Toutefois, en poursuivant la procédure de licenciement de Mme [O] jusqu'à l'entretien préalable, alors que la salariée était absente pour maladie depuis un mois seulement, l'employeur a manifestement fait preuve d'une légèreté blâmable.
Il est établi que la convocation de Mme [O] à un entretien préalable, puis la tenue de cet entretien ont déstabilisé la salariée comme il est relevé par le médecin du travail dans le dossier médical à la date de la visite du 18 juin 2015 et dans son certificat du 17 mars 2016.
Mme [O] ayant subi un préjudice en lien avec cette faute commise dans l'exécution du contrat de travail, il convient de condamner la société LGL France à lui payer des dommages et intérêts qui seront évalués à la somme de 3 000 euros, le jugement étant infirmé en ce qu'il a rejeté ce chef de demande.
Sur la rupture du contrat de travail
Est dépourvu de cause réelle et sérieuse le licenciement pour inaptitude lorsqu'il est démontré que l'inaptitude était consécutive à un manquement préalable de l'employeur qui l'a provoquée.
L'avis du médecin du travail à l'issue de la seconde visite de reprise est ainsi rédigé :
« inapte totale et définitive au poste de travail. L'état de santé de la salariée ainsi que les conclusions médicales ne permettent pas au médecin du travail de faire de propositions de reclassement au sein de l'entreprise ».

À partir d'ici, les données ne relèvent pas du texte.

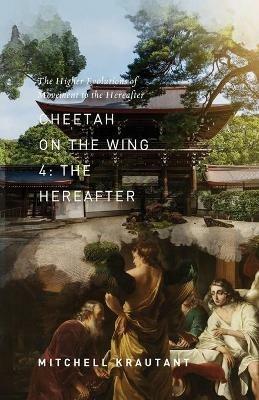 Cheetah On The Wing 4: The Higher Evolutions of Movement to the Hereafter - Mitchell Krautant - cover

Mme [O] produit un certificat daté du 17 mars 2016 en pièce 18 dont on ne connaît pas l'auteur (intitulé 'courrier du médecin traitant' dans le bordereau de communication de pièces) adressé au médecin du travail et dont il résulte notamment que la salariée est blessée par les déclarations de son employeur qui ont porté un coup fatal à sa confiance en elle-même, qu'elle a fait un bilan de compétence et conclu à la nécessité de mettre un terme à ses fonctions dans cette entreprise et qu'il semble que la seule sortie possible soit une mise en inaptitude à tous les postes de l'entreprise.
D'une part, le manquement de l'employeur à l'obligation de sécurité n'a pas été établi.
D'autre part, la preuve d'un lien entre l'inaptitude de la salariée et le manquement par l'employeur qui a engagé de manière prématurée une première procédure de licenciement n'est pas rapportée au seul vu du certificat ci-dessus.
En conséquence, il convient de confirmer le jugement qui a dit que le licenciement de Mme [O] repose sur une cause réelle et sérieuse et a rejeté les demandes en paiement formées par la salariée.
Compte-tenu de la solution apportée au litige, chaque partie conservera la charge de ses dépens d'appel et de ses frais irrépétibles d'appel.
PAR CES MOTIFS
Statuant publiquement par arrêt mis à disposition au greffe et contradictoirement :
CONFIRME le jugement, sauf en ce qu'il a rejeté la demande de dommages et intérêts de Mme [O] fondée sur l'exécution déloyale du contrat de travail
STATUANT à nouveau sur ce point,
CONDAMNE la société LGL France à payer à Mme [L] [O] la somme de 3 000 euros à titre de dommages et intérêts en réparation du préjudice causé par l'exécution déloyale du contrat de travail
DIT que chaque partie conservera la charge de ses dépens d'appel
REJETTE les demandes des parties fondées sur l'article 700 du code de procédure civile en cause d'appel.